The AI Revolution and the FDA: Becky Wood and Deeona Gaskin’s Fireside Chat with Former FDA Commissioner Dr. Scott Gottlieb

AI tools are already advancing patient care by opening up new avenues for drug and product discovery, evaluation, and pharmacovigilance. But they also raise regulatory challenges as our panelists discuss.

In this ‘fireside chat’, Sidley’s Becky Wood and Deeona Gaskin speak to physician and public policy expert Dr. Scott Gottlieb, former Commissioner at the U.S. Food and Drug Administration (FDA), about how AI is transforming the delivery of healthcare and how FDA is using and regulating AI. Four key topics to emerge from the wide-ranging discussion were:

  1. Areas where AI has the greatest potential: These include drug and biologic development, where AI could shorten the process of predicting which agent might be a good drug candidate. AI has the potential to facilitate and increase the diversity of clinical trial populations by enabling better clinical trial representation and helping to better target enrollment. AI tools are also proving useful in pharmacovigilance, where they are able to help identify and process information by sifting and correlating huge amounts of data.

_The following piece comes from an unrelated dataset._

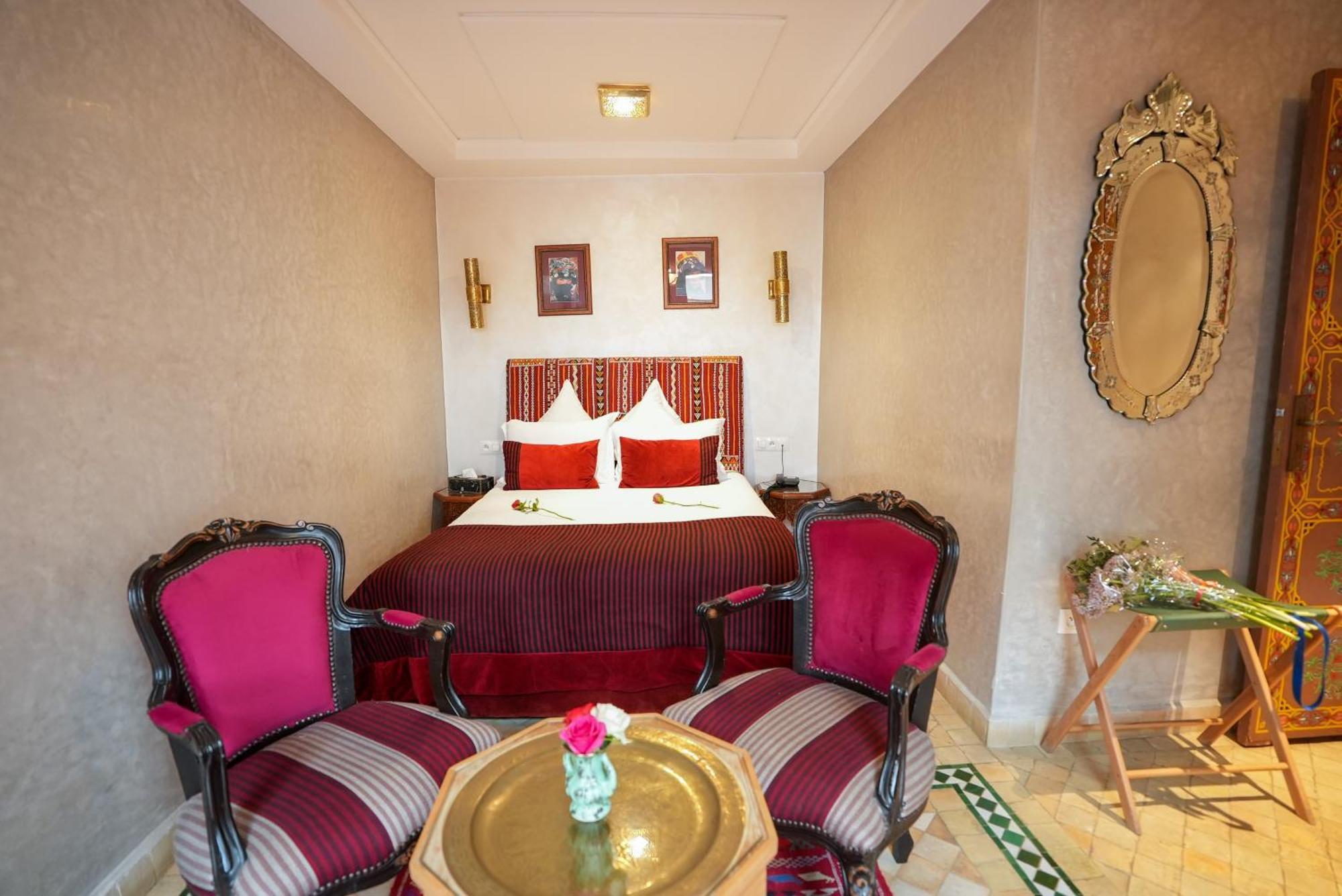 Palais Zahia Hotel & Spa Tanger Exterior foto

  2. The direction of investment: Venture capital is targeting life sciences companies engaged in purposefully building well-validated data sets for use in health care. For example, the investment flowing into AI technologies aimed at drug discovery is huge. Explainability is important for all AI tools used in healthcare, and an AI tool may be able to provide a sound biological rationale for why it thinks a drug ought to work, and cogent explanation of why it arrived at that conclusion. This may enhance a strong public health narrative during the drug-development process.

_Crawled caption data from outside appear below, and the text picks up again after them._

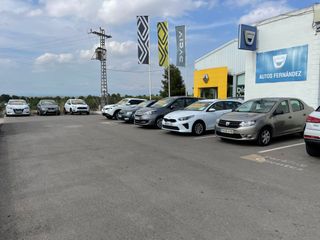 Dacia Sandero Stepway Essential TCE GLP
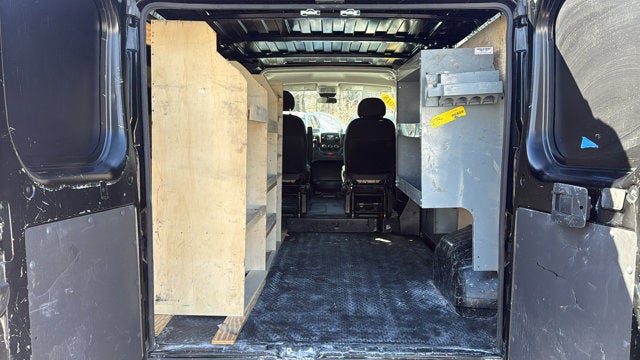 2018 RAM ProMaster Cargo Van BASE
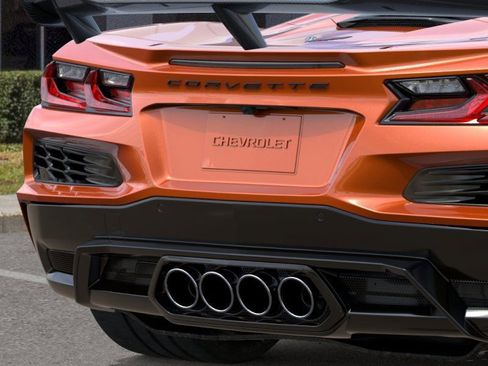 New 2026 Chevrolet Corvette Z06 RWD image 14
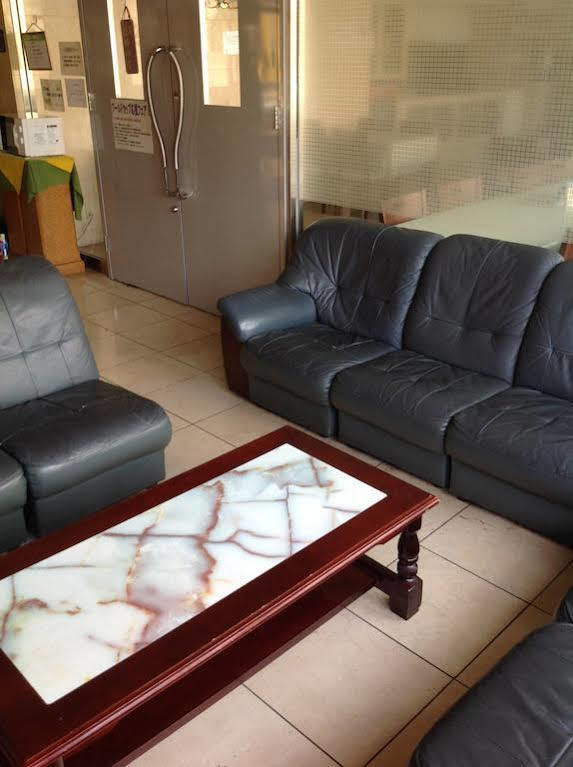 Orange Inn Sendaihigashi מראה חיצוני תמונה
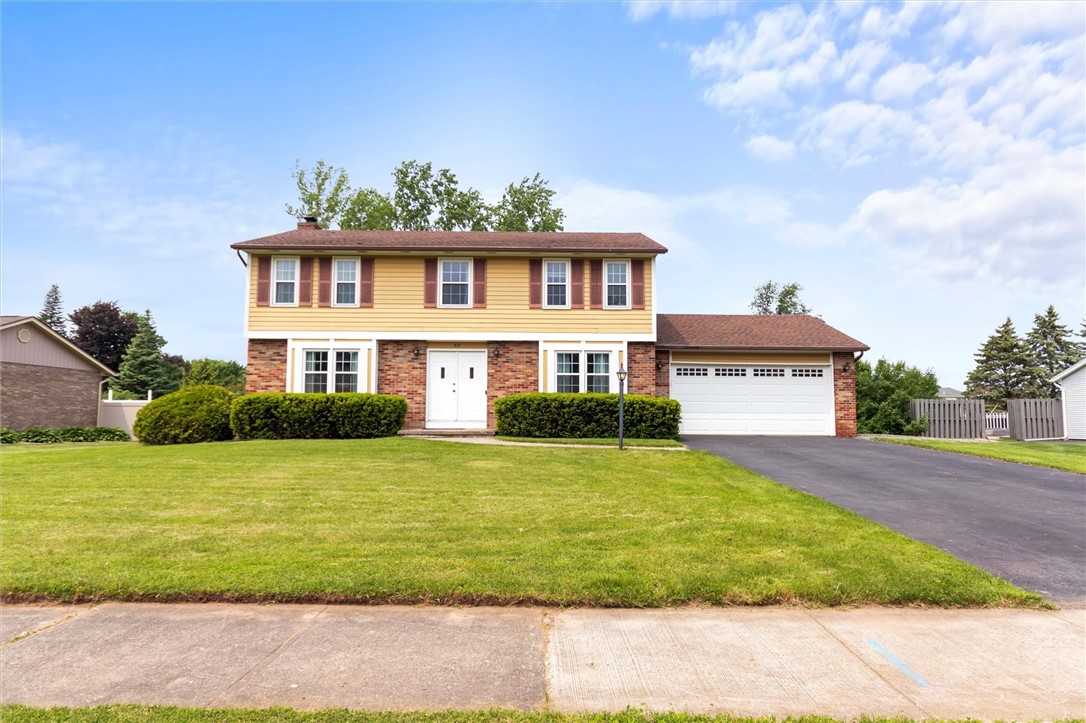 60 Hillbridge Drive Dr, Greece, New York image 1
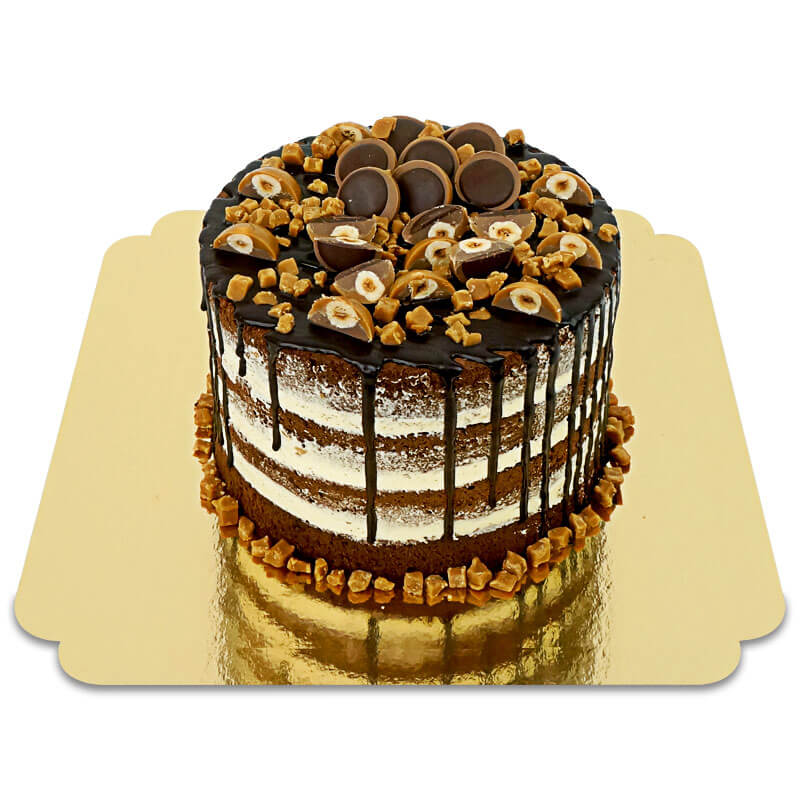 Torte mit Toffifee®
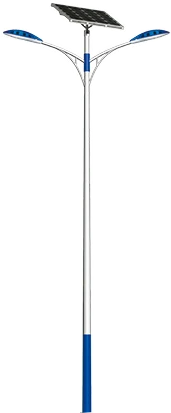 Solar Lamp Solar Powered Street Light With Lithium Battery Black Panel suppliers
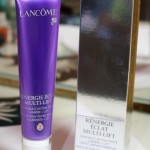 [Review] Lancôme – Rénergie Eclat Multi-Lift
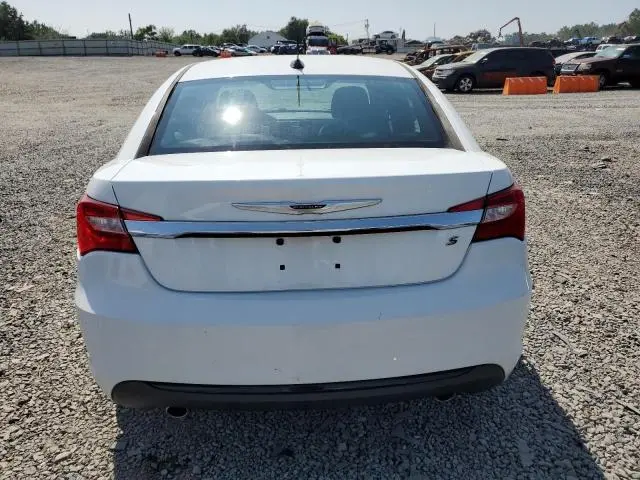 2011 CHRYSLER 200 S  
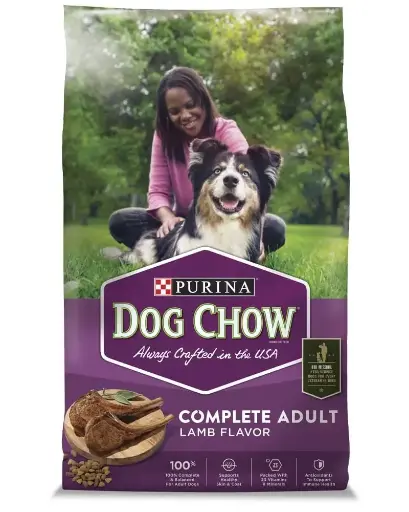 Purina Dog Chow Lamb 4.4lb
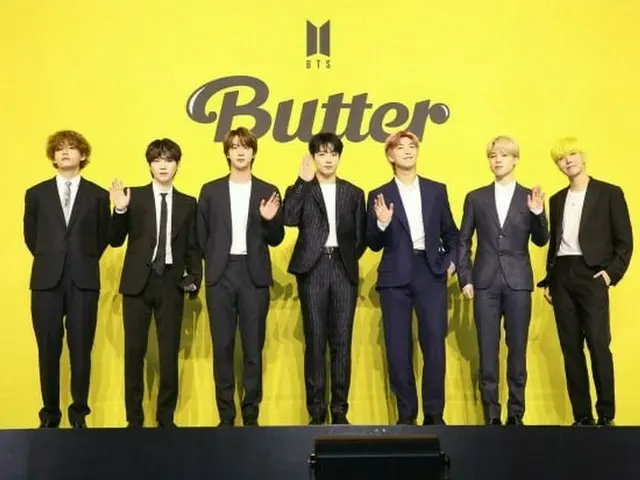 「BTS（防弾少年団）」、9月3週目アチャランキング1位…全世界が応援するグローバルスター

  3. FDA’s use of AI: FDA reviewers and compliance assessors are beginning to use AI for data analysis, regulatory assessments, and post market surveillance. FDA and the life sciences industry could benefit from additional dialogue about which tools FDA may use for regulatory purposes overlap with those industry wishes to deploy. Such discussions could result in AI tools being developed that would both satisfy the FDA’s regulatory purposes and could be deployed by industry players to help them evaluate information and make decisions. Development of common platforms could be particularly beneficial in pharmacovigilance—where both companies and the FDA need to cross-analyze large data sets—and manufacturing and inspections, where the tools that companies might use to analyze the information that they generate about their manufacturing processes and quality control measures, may also be of interest to the FDA.
  4. The regulatory challenge of large language models: The recent advancements with generative AI have sparked great interest among consumers, investors, life sciences companies, and FDA. However, to date, the FDA has cleared, authorized, or approved around 1,000 AI medical devices, none of which use generative AI. AI medical devices that are generative (i.e., have the ability to create outputs) are more challenging to validate and regulate. This technology may be hard to fit into the existing medical device paradigm. Because of uncertainties around the regulatory path, many entrepreneurs are currently choosing to position their AI tools as the types of clinical decision support software with physician oversight that do not need FDA approval, authorization, or clearance.